[Captioned web image data]
Start of Block

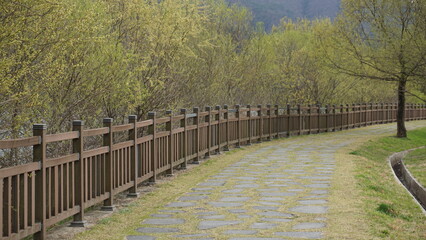 Fototapeta premium 길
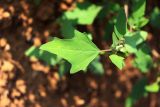 Chenopodium acerifolium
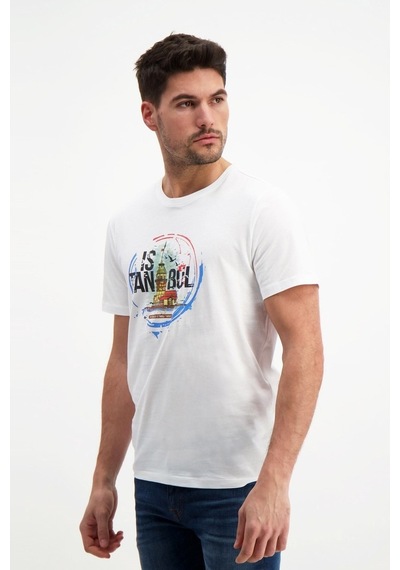Rich Erkek Bisiklet Yaka Baskılı T-Shirt %100 Pamuk Tişört (481343962)
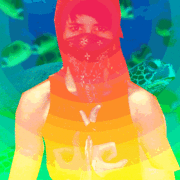 Die_turtle__themiracle5_200_card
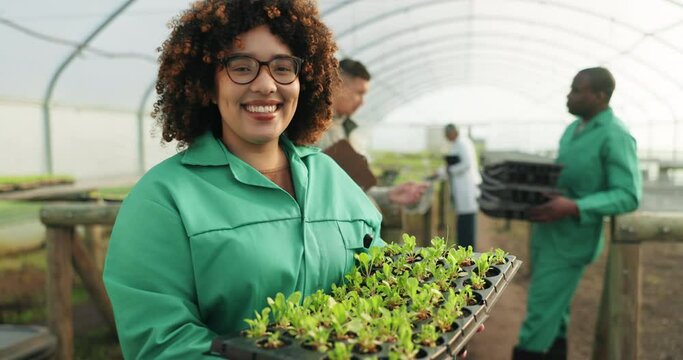 Woman, tray and seedlings in greenhouse, agriculture or vegetable with face, farming or sustainability. Farmer, irrigation and care for leaves, garden or health of crops, plants or portrait for agro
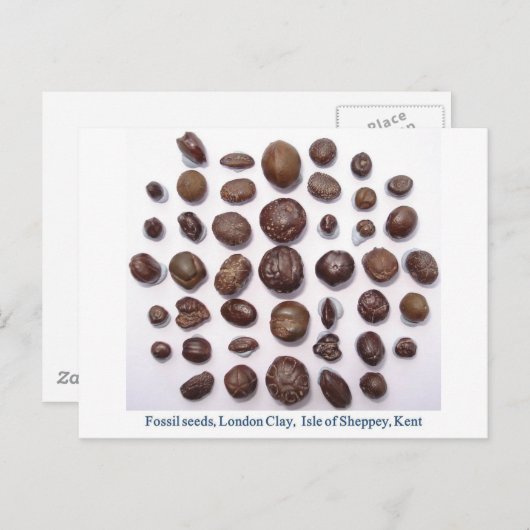 Fossiele zaden briefkaart (Voorkant / Achterkant)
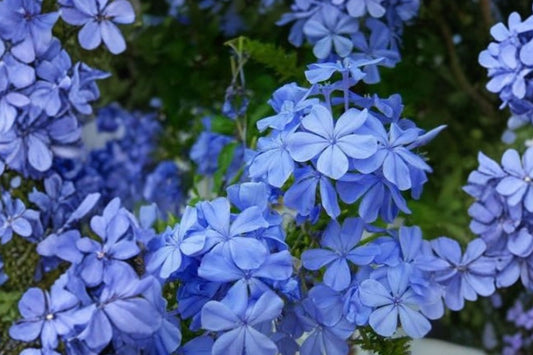 Blue Plumbago Live Plant Plug, 1–3 Inch Starter Plant, Sky Blue Flowering Shrub, Cape Leadwort, Tropical Perennial Garden Plant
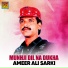 Ameer Ali Sarki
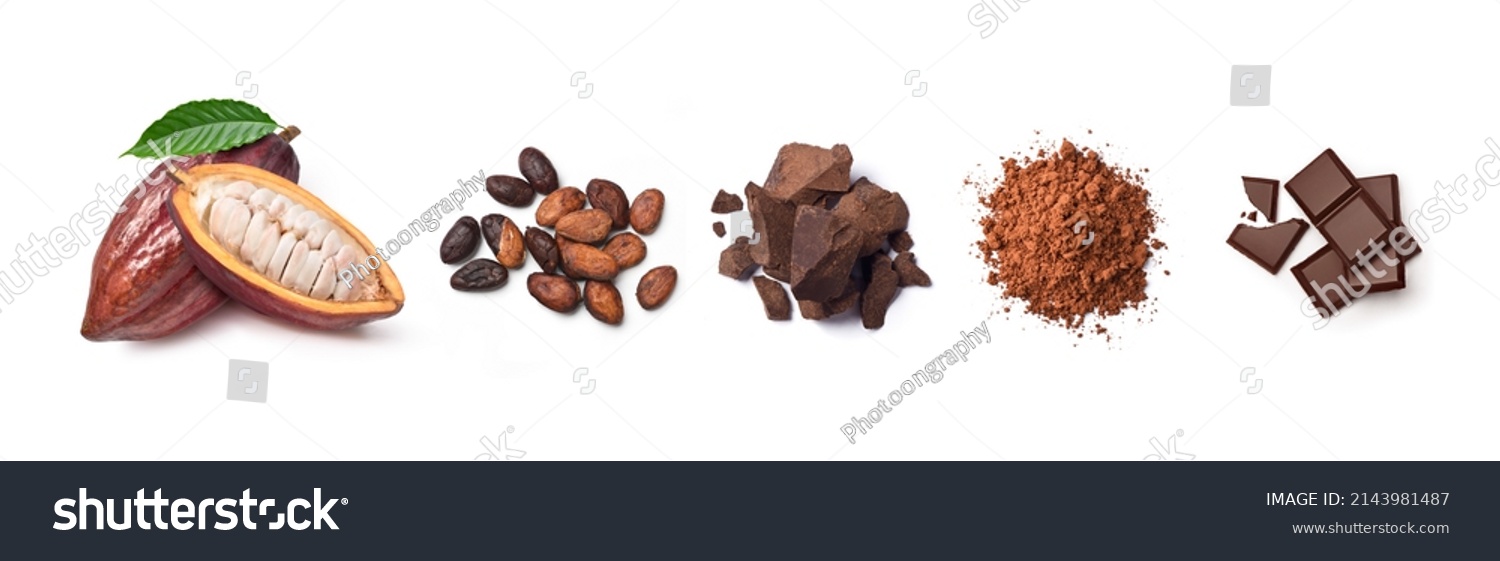 Chocolate ingredients, cocoa pods, cocoa beans, chocolate mass, cocoa powder, chocolate bars. Flat lay isolated on white background. #2143981487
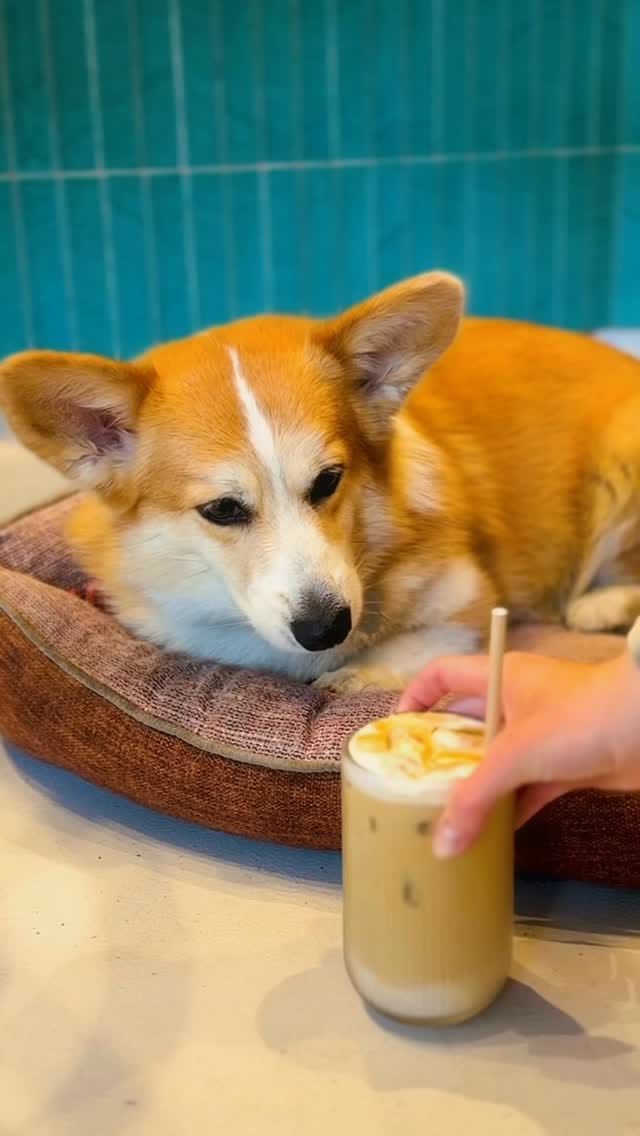 Post 8 by CORGI CAFE | BRUNCH BARCELONA on Instagram (video)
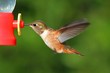 Photo: Rufous Hummingbird (Selasphorus rufus) Rufous Hummingbird (Selasphorus rufus)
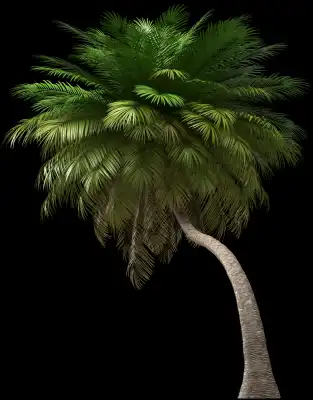 A 3D rendered and isolated coconut palm tree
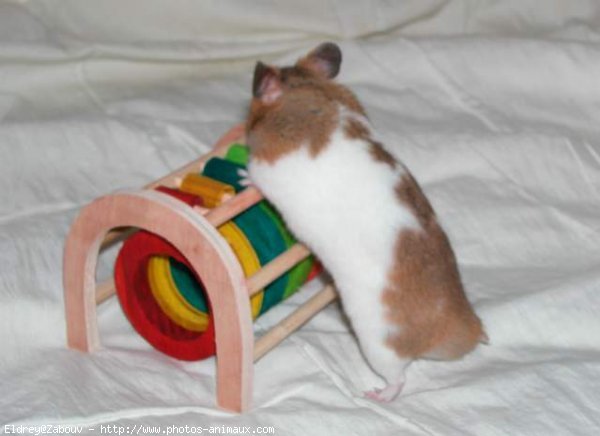 Photo de Hamster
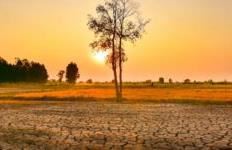 Paralajmërimi i OKB: Fenomeni El Niño është jashtëzakonisht i fortë, çfarë tregojnë të dhënat për Evropën?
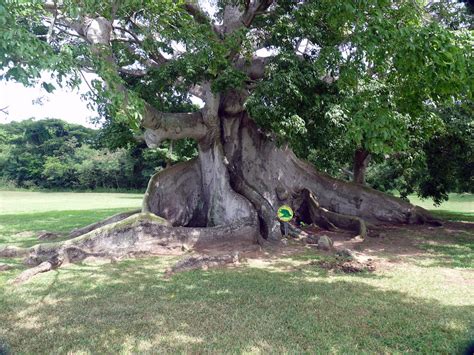 300 year old Ceiba tree in Vieques | karlnorling | Flickr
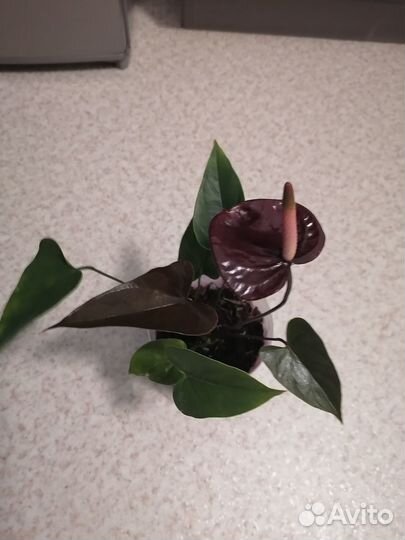 Цветок Антуриум Блек Лав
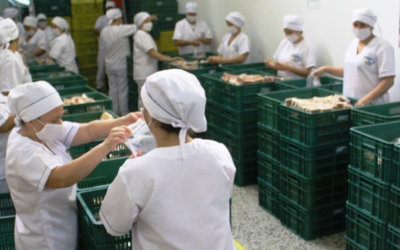 Así se cumplen protocolos de bioseguridad en bodegas del PAE previo a entrega en Bucaramanga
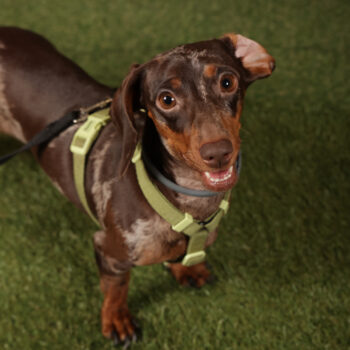 Concorso Fotografico - QuattroZampe in Fiera - Roma - Marzo 2026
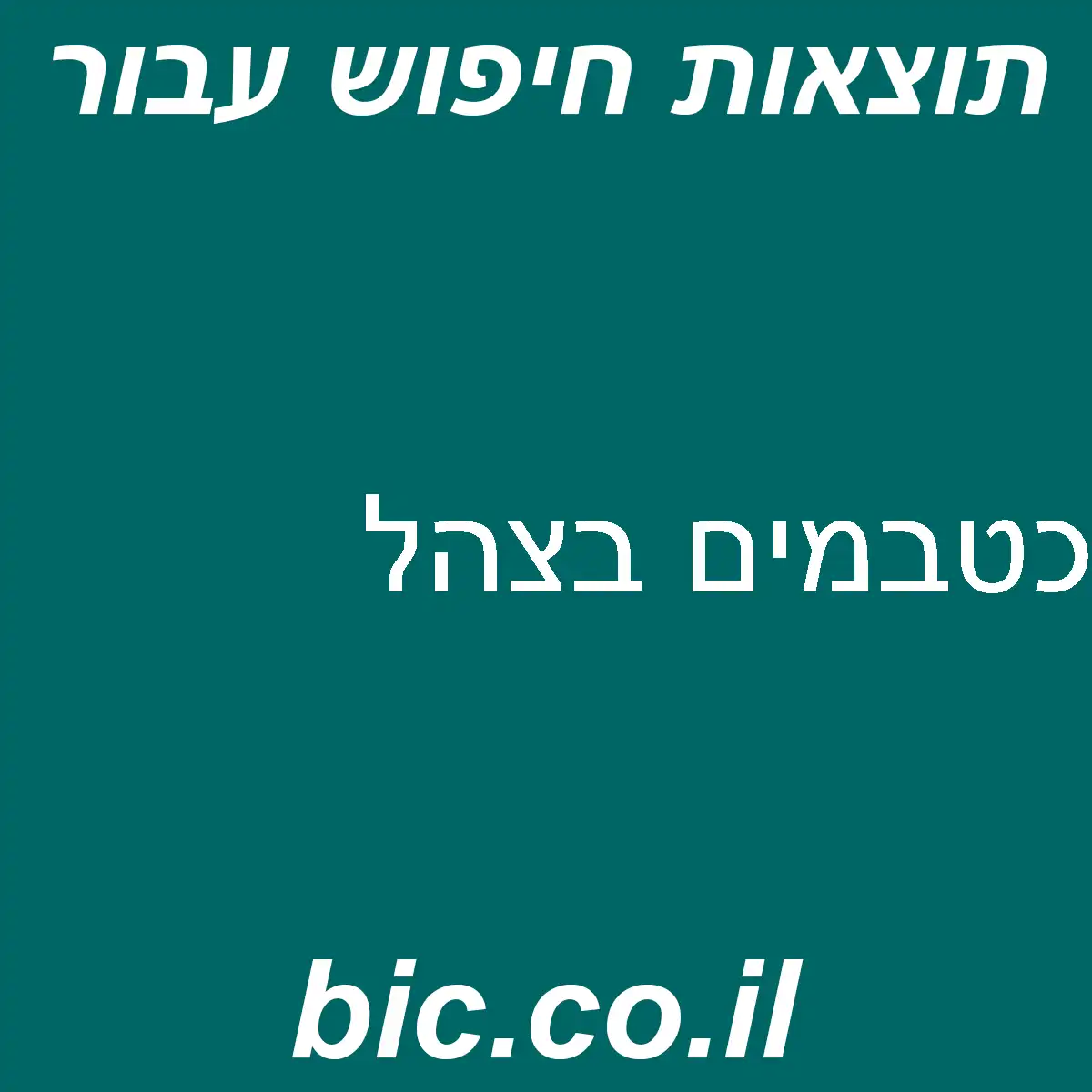 ﻿כטבמים בצהל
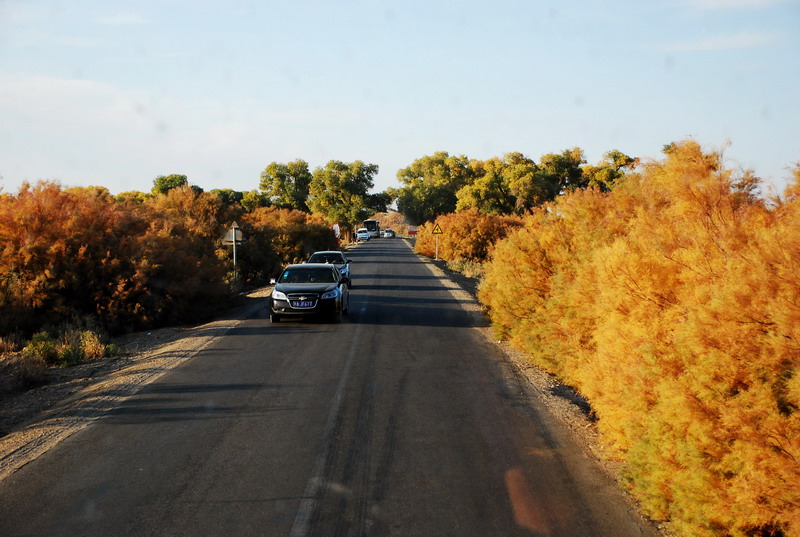 dsc_0926.jpg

End of Block

▸ Task prompt
Every entry above should come back exactly as written, except for its pictures.

▸ Answer box
 Fototapeta premium 길
 Chenopodium acerifolium
Rich Erkek Bisiklet Yaka Baskılı T-Shirt %100 Pamuk Tişört (481343962)
 Die_turtle__themiracle5_200_card
 Woman, tray and seedlings in greenhouse, agriculture or vegetable with face, farming or sustainability. Farmer, irrigation and care for leaves, garden or health of crops, plants or portrait for agro
 Fossiele zaden briefkaart (Voorkant / Achterkant)
 Blue Plumbago Live Plant Plug, 1–3 Inch Starter Plant, Sky Blue Flowering Shrub, Cape Leadwort, Tropical Perennial Garden Plant
 Ameer Ali Sarki
 Chocolate ingredients, cocoa pods, cocoa beans, chocolate mass, cocoa powder, chocolate bars. Flat lay isolated on white background. #2143981487
 Post 8 by CORGI CAFE | BRUNCH BARCELONA on Instagram (video)
 Photo: Rufous Hummingbird (Selasphorus rufus) Rufous Hummingbird (Selasphorus rufus)
 A 3D rendered and isolated coconut palm tree
 Photo de Hamster
 Paralajmërimi i OKB: Fenomeni El Niño është jashtëzakonisht i fortë, çfarë tregojnë të dhënat për Evropën?
 300 year old Ceiba tree in Vieques | karlnorling | Flickr
 Цветок Антуриум Блек Лав
 Así se cumplen protocolos de bioseguridad en bodegas del PAE previo a entrega en Bucaramanga
 Concorso Fotografico - QuattroZampe in Fiera - Roma - Marzo 2026
 ﻿כטבמים בצהל
 dsc_0926.jpg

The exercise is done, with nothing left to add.